I recently wanted to get my hands dirty with understanding how to fork/exec a child process and redirecting stdin, stdout, and stderr thereof, by way of which I wrote my own popen()
and pclose()
-like functions named my_popen()
and my_pclose()
, inspired by Apple's open-source implementation of popen() and pclose().
By human-inspection -- e.g. running ps
in a different terminal to look for the expected child process -- the popen()
seems to work in that the expected child process shows up.
Question: Why does my_pclose()
return immediately with errno == 10 (ECHILD)
if I call it immediately after my_popen()
? My expectation was that my_pclose()
would wait until the child process ended.
Question: Given the above, why does my_pclose()
return as expected -- after the child process gracefully ends -- if I insert a delay between my_popen()
and my_pclose()
?
Question: What correction(s) is/are needed for my_pclose()

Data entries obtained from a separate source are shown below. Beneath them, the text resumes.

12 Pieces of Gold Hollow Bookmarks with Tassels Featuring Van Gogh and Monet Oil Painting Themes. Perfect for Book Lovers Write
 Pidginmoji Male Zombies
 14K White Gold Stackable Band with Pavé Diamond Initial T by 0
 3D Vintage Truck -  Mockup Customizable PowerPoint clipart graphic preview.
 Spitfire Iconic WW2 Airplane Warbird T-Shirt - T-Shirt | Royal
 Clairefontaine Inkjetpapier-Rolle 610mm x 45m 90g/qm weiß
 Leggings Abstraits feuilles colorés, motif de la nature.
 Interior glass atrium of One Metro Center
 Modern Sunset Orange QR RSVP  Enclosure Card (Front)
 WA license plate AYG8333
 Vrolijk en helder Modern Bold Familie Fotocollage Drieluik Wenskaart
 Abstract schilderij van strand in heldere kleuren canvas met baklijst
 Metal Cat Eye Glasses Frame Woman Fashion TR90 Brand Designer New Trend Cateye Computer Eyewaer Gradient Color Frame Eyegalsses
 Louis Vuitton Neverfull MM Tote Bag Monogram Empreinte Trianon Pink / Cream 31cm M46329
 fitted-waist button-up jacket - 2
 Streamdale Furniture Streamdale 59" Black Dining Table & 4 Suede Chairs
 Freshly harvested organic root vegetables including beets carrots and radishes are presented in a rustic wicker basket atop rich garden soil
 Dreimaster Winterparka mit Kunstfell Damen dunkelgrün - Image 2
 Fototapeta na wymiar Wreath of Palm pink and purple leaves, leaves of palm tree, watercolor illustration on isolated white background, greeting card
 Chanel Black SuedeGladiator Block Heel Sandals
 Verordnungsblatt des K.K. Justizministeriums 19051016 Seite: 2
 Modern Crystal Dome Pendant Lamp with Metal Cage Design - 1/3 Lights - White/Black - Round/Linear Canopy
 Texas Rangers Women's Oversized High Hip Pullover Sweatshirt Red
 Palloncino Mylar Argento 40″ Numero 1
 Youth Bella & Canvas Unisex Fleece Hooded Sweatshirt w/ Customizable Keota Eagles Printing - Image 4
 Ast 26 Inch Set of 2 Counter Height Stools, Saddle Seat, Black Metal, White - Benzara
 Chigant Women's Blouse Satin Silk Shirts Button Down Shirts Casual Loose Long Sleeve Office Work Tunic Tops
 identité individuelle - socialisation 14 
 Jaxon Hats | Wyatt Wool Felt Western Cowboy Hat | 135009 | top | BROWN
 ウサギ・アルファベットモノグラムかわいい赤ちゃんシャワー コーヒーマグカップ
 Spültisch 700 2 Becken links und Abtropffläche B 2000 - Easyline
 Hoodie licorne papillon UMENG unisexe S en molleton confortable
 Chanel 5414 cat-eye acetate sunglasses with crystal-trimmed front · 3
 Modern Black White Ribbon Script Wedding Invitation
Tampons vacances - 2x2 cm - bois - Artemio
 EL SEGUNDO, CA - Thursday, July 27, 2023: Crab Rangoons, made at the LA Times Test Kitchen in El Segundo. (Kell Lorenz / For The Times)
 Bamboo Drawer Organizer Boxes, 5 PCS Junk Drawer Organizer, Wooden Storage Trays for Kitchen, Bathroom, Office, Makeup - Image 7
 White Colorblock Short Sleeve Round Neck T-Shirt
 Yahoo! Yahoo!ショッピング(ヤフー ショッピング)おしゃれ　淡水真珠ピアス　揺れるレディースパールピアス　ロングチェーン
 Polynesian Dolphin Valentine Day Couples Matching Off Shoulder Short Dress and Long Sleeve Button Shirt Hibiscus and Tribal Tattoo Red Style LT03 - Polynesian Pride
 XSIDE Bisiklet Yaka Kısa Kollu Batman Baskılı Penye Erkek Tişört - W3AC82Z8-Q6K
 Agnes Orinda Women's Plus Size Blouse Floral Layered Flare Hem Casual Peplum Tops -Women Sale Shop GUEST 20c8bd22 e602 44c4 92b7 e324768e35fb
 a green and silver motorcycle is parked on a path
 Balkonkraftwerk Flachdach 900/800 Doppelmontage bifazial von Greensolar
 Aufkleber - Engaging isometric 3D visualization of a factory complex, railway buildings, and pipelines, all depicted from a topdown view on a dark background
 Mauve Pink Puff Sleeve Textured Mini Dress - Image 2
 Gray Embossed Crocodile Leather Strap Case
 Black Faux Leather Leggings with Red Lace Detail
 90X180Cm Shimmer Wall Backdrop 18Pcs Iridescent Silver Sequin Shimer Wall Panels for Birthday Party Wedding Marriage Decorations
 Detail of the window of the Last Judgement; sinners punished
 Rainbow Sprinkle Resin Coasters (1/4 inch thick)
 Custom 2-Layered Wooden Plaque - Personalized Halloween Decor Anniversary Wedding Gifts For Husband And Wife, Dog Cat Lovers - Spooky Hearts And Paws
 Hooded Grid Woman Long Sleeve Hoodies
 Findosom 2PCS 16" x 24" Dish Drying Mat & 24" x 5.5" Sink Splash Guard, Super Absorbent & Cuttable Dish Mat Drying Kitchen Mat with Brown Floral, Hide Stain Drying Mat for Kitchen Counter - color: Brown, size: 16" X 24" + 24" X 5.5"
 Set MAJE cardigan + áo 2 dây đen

to reliably return only after the child process has ended, without the need of any delays or other contrivances?
MCVE below.
Some context: I wanted my_popen()
to allow the user to 1) write to the child process' stdin
, 2) read the child process' stdout
, 3) read the child process' stderr
, 4) know the child process' pid_t
, 5) run in environments where fork/exec'ed processes might be either child or grandchild processes, and be able to kill the grandchild process in case of the latter (hence the setpgid()
).
// main.c
#include <errno.h>
#include <pthread.h>
#include <stdbool.h>
#include <stdlib.h>
#include <stdio.h>
#include <string.h>
#include <unistd.h>
#include <sys/types.h>
#include <sys/wait.h>
typedef int Pipe[2];
typedef enum PipeEnd {
READ_END = 0,
WRITE_END = 1
} PipeEnd;
#define INVALID_FD (-1)
#define INVALID_PID (0)
typedef struct my_popen_t {
bool success; ///< true if the child process was spawned.
Pipe stdin; ///< parent -> stdin[WRITE_END] -> child's stdin
Pipe stdout; ///< child -> stdout[WRITE_END] -> parent reads stdout[READ_END]
Pipe stderr; ///< child -> stderr[WRITE_END] -> parent reads stderr[READ_END]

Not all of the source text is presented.